For most NBA basketball fans, the highlight of All-Star Weekend used to be the slam dunk contest. Julius Erving (a.k.a. “Dr. J”) participated in, and won, the first dunk contest in 1976, electrifying the crowd with a dunk from just inside the free throw line. Nobody had ever seen anything like it. Other past dunk champions include Michael Jordan, Dominique Wilkins, Kobe Bryant, Vince Carter, and Dwight Howard. These A-list stars flew through the air, captivated our imagination, and became legends. Who can forget Michael Jordan and Dominique Wilkins squaring off in the 1985 dunk contest or their amazing rematch in 1988? We thought it couldn’t get any better…until we watched Vince Carter’s performance in the 2000 dunk contest.

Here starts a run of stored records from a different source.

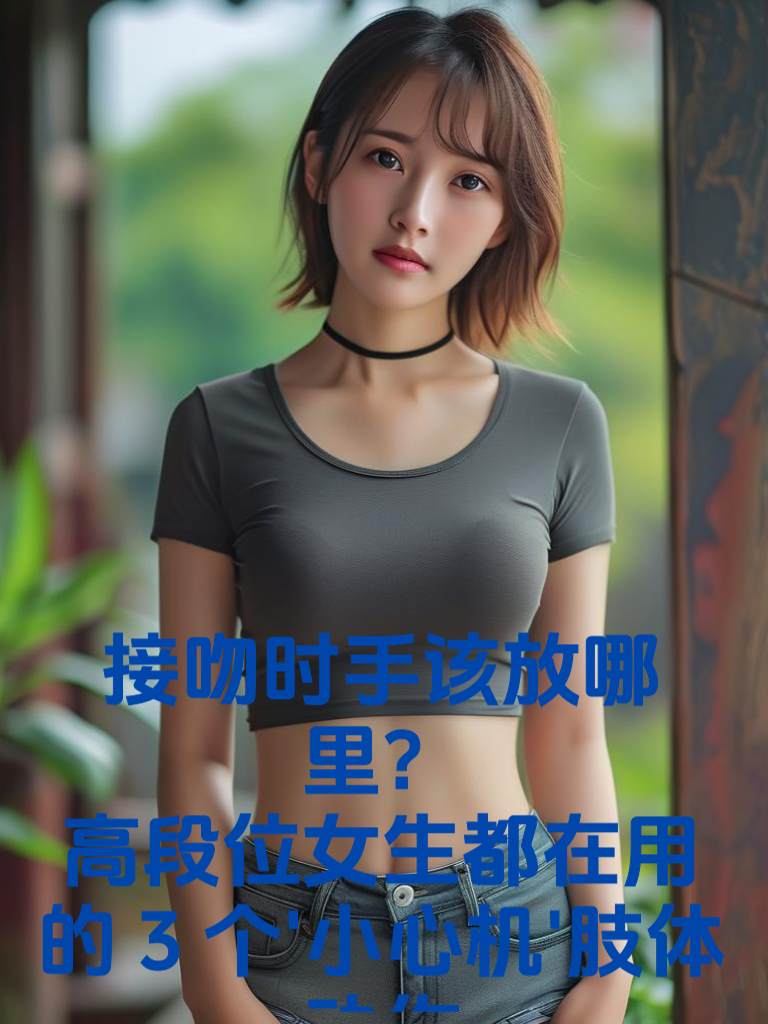 接吻时手该放哪里？高段位女生都在用的3个'小心机'肢体动作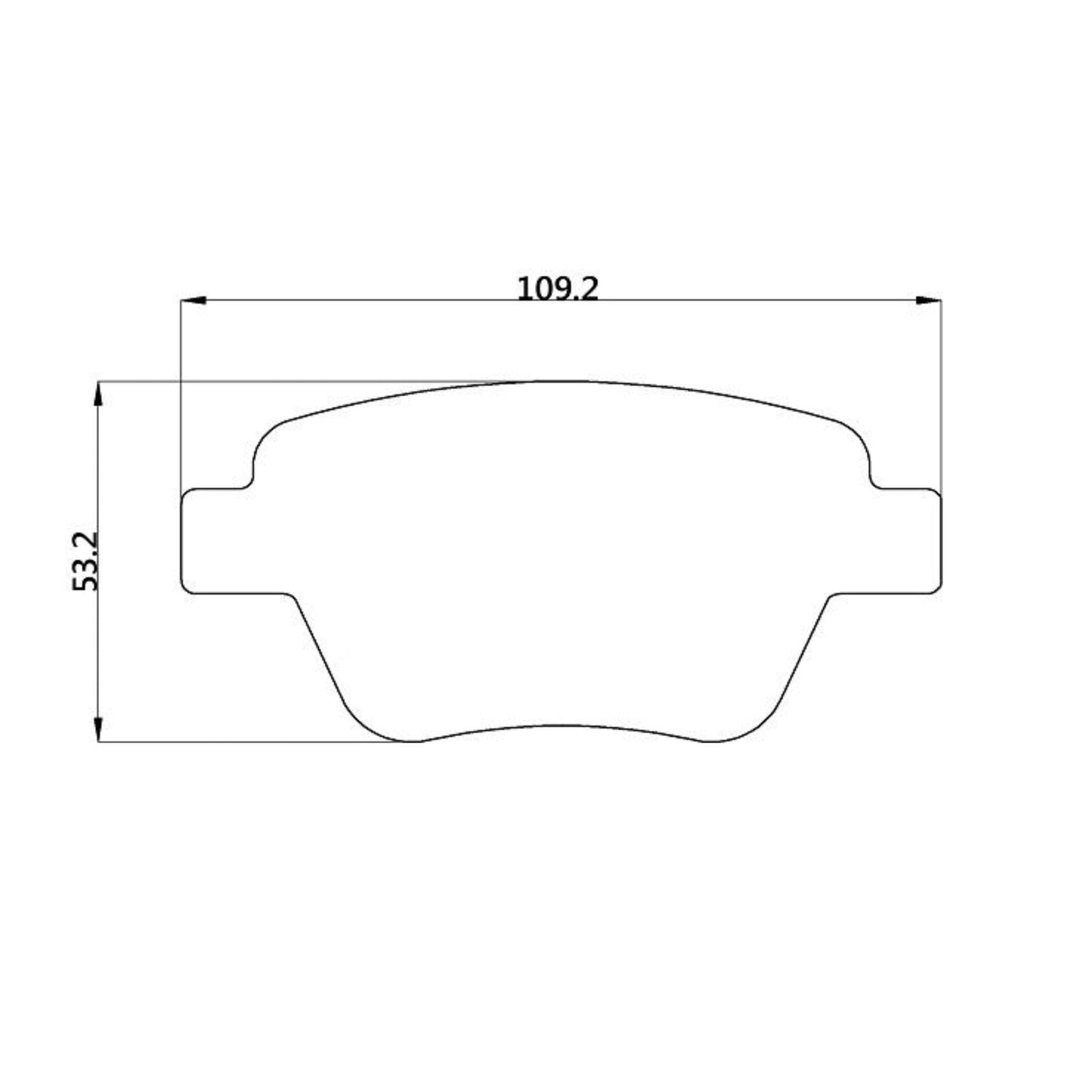 Circo S88 Performance Trackday Brake Pads Volkswagen Golf VI Tdi / Audi A3 Tdi / S3 (8P1) – alternate view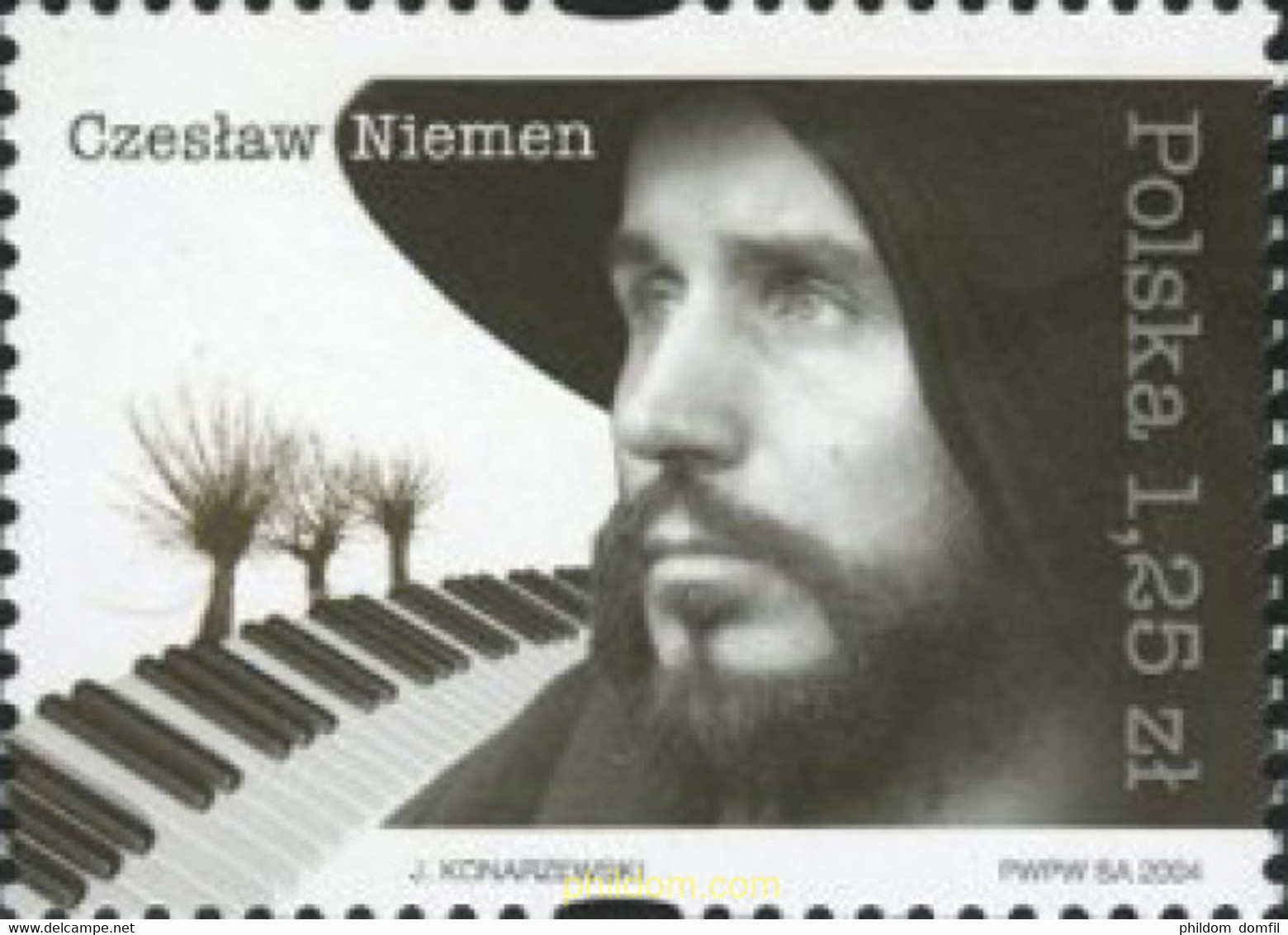 157877 MNH POLONIA 2004 MUSICOS - Non Classés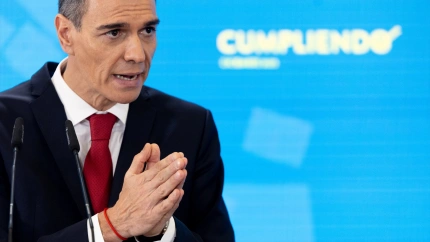 Sánchez ha hecho balance del curso político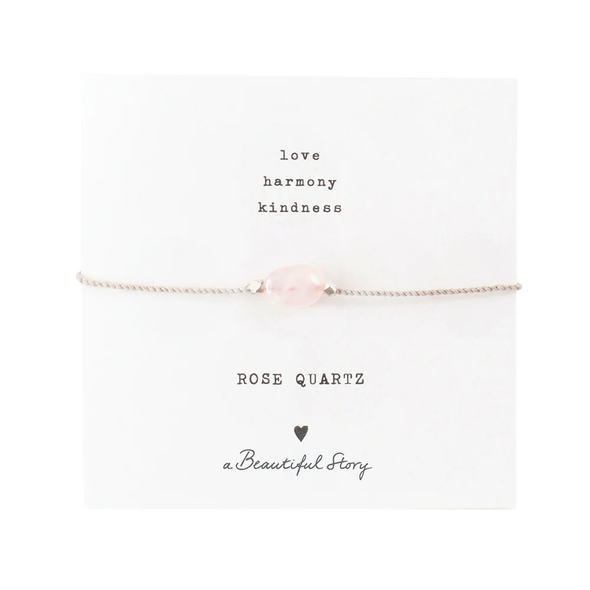 Bracelet Quartz rose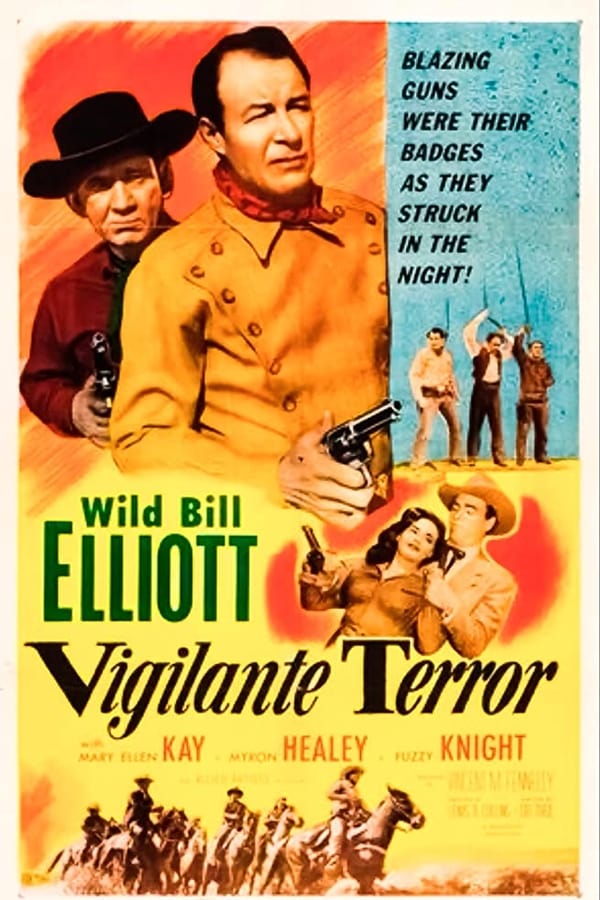 Cover of the movie Vigilante Terror
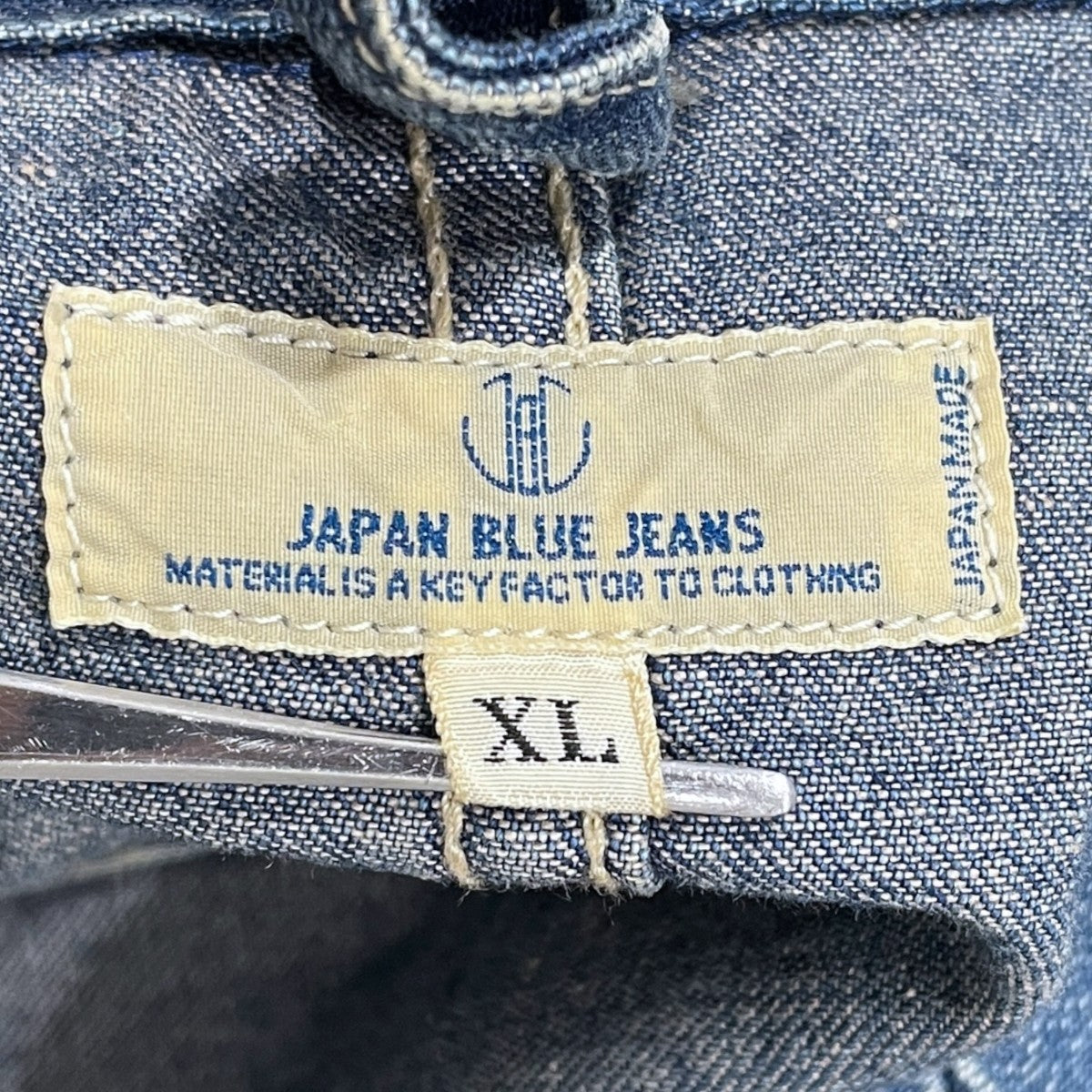 デニムテーラードカバーオール Denim Tailored Coverall J701131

Now, virtually nobody watches the dunk contest. It has devolved into a snooze-fest featuring players we have never heard of and whom we will quickly forget. Commenting on the field of nobodies in this year’s slam dunk contest, one sportswriter aptly tweeted, “If the NBA held this event in your driveway, would you open drapes to watch?”
Whereas the dunk contest used to be an NBA star’s fast-track to a richer shoe deal and more posters on their fans’ walls (or just a way to treat NBA fans to something special), today’s NBA elite — with the exception of Blake Griffin in last year’s contest — are now too scared of losing to even compete. That did not used to be the case. NBA legend Clyde “the Glide” Drexler competed in 5 slam dunk contests and never won. Hall of Famer Scottie Pippen competed in the dunk contest knowing the odds were against him. Heck, even three-point specialist Ray Allen competed in a dunk contest.
Following a thunderous dunk by LeBron James in this year’s All-Star game, NBA commentator and Ferengi look-a-like Reggie Miller said what we have all known for years — guys like LeBron James need to compete in the dunk contest. (And Miller is not throwing stones from a glass house, either — Miller participated in 4 NBA three-point contests, never winning a single one, but never chickening out.)
In 2009, LeBron James “preliminarily” agreed to compete in the 2010 dunk contest, before, of course, chickening out. This weekend, LeBron said he would reconsider competing in the dunk contest if there were a $1 million prize.